In October, the US Food and Drug Administration (FDA) approved three new agents for hematology and oncology, including a second chimeric antigen receptor modified T-cell (CAR T-cell) therapy, a Bruton’s tyrosine kinase (BTK) inhibitor for mantle cell lymphoma, and an IV formulation of rolapitant.

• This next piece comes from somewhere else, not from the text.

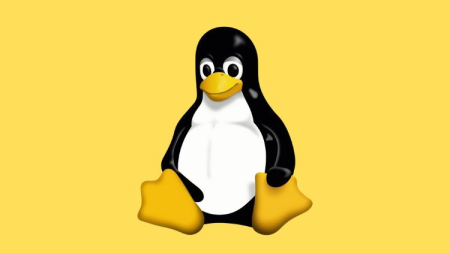 Master Linux Administration [2020] ( Full Course )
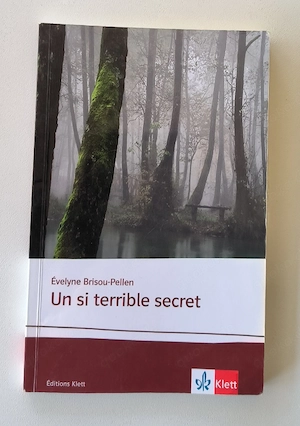 Un si terrible secret von Évelyne Brisou-Pellen (auf Französisch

- New CAR T-Cell Therapy Approved for Non-Hodgkin Lymphoma. On 18 October, the FDA approved axicabtagene ciloleucel (axi-cel, [YESCARTA™, Kite Pharma, Inc]), a CD19-targeting CAR T-cell therapy, for treatment of adults with relapsed or refractory non-Hodgkin lymphoma, including diffuse large B-cell lymphoma, primary mediastinal large B-cell lymphoma, high grade B-cell lymphoma, and transformed follicular lymphoma. Patients must have received two or more lines of systemic therapy prior to receiving CAR T-cell therapy. Axi-cel single dose (2×106 CAR T cells/kg) is administered after a fludarabine and cyclophosphamide conditioning regimen. Approval was based on an overall response rate (ORR) of 82% and complete response (CR) rate of 54% observed in 101 patients treated on the phase II ZUMA-1 trial. The median duration of response was 8.2 months. Median overall survival was not reached, however 80% of patients were alive at 6 months. The most common grade ≥3 treatment-related adverse events (AEs) were neutropenia (66%), leukopenia (44%), anemia (43%), febrile neutropenia (31%), and encephalopathy (21%). Cytokine release syndrome (CRS) occurred in 13% of patients in the ZUMA-1 study and 3 patients died from CRS-related complications. Axi-cel will carry a boxed warning regarding the risk of CRS.
- Acalabrutinib Approved for Relapsed Mantle Cell Lymphoma. On 31 October, the selective BTK inhibitor acalabrutinib (CALQUENCE®, AstraZeneca) received accelerated approval for treatment of patients with mantle cell lymphoma who have been treated with at least one prior therapy. The approval was based on results from the open-label, phase II ACE-LY-004 trial, in which acalabrutinib (100 mg twice daily) resulted in an ORR of 81% and CR rate of 40% in 124 patients with relapsed or refractory mantle cell lymphoma. The most common AEs (≥20%) of any grade were anemia, thrombocytopenia, headache, neutropenia, diarrhea, fatigue, myalgia, and bruising.
- Intravenous Formulation of Rolapitant Now Approved. An intravenous (IV) formulation of rolapitant (Varubi®, Tesaro), was approved on 25 October for use in combination with other antiemetic agents for the prevention of delayed chemotherapy-induced nausea and vomiting. Rolapitant tablets were approved by the FDA in 2015 for this indication. Approval of the IV formulation was based on a bioequivalence study demonstrating comparability of IV and oral formulations.